HRV Benefits to Clients/Patients
More importantly, individually-worn HRV devices can directly help clients and patients monitor their autonomic nervous system reactions to help identify who, what and where stressors are particularly damaging. With such knowledge, stressors can be recognized, negotiated, or avoided to minimize the risk of triggering underlying psychiatric vulnerabilities.
In conclusion, most misconceptions about RPM stem from legitimate concerns. By debunking myths, healthcare providers can help clients and patients harness RPM’s full potential to make it an integral part of their day-to-day health routine. Especially with the repeated focus of CMS on steadily increasing the availability of reimbursable RPM CPT codes since 2016, HRV and other services are likely to expand so that patients and providers have more precise information to discuss.

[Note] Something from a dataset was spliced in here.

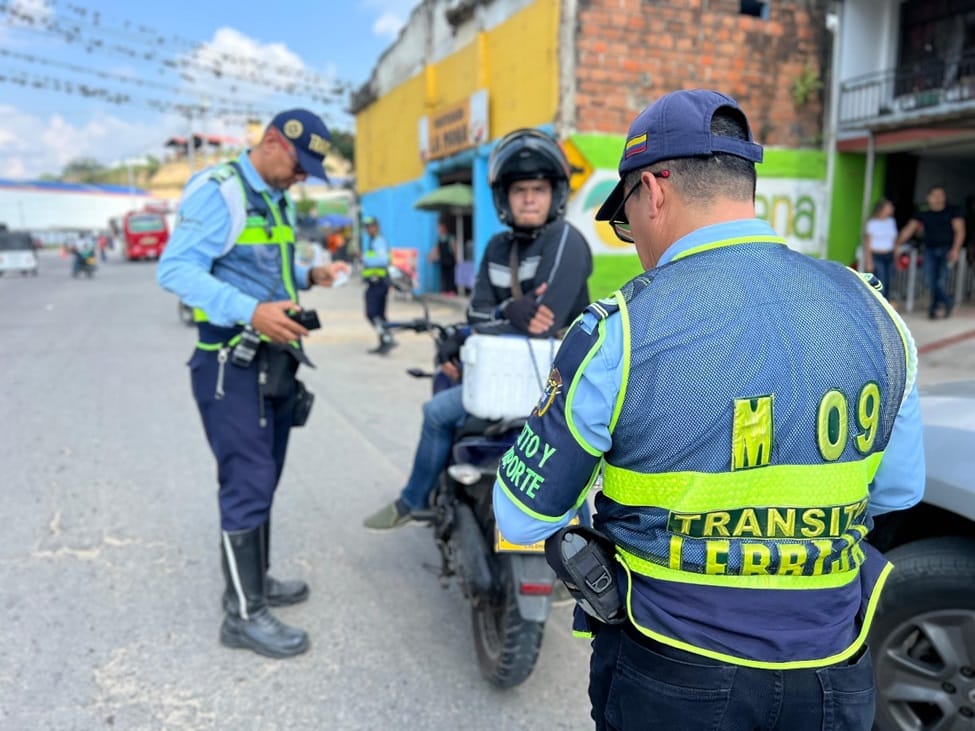 Lebrija recibió distinción por su compromiso con la seguridad vial imagen de la publicación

1. Lehrer, P., Kaur, K., Sharma, A., Shah, K., Huseby, R., Bhavsar, J., … & Zhang, Y. (2020). Heart rate variability biofeedback improves emotional and physical health and performance: a systematic review and meta-analysis. Applied psychophysiology and biofeedback, 45(3), 109-129.
2. Perna, G., Riva, A., Defillo, A., Sangiorgio, E., Nobile, M., & Caldirola, D. (2020). Heart rate variability: Can it serve as a marker of mental health resilience?: Special Section on “Translational and Neuroscience Studies in Affective Disorders” Section Editor, Maria Nobile MD, Ph.D. Journal of affective disorders, 263, 754-761.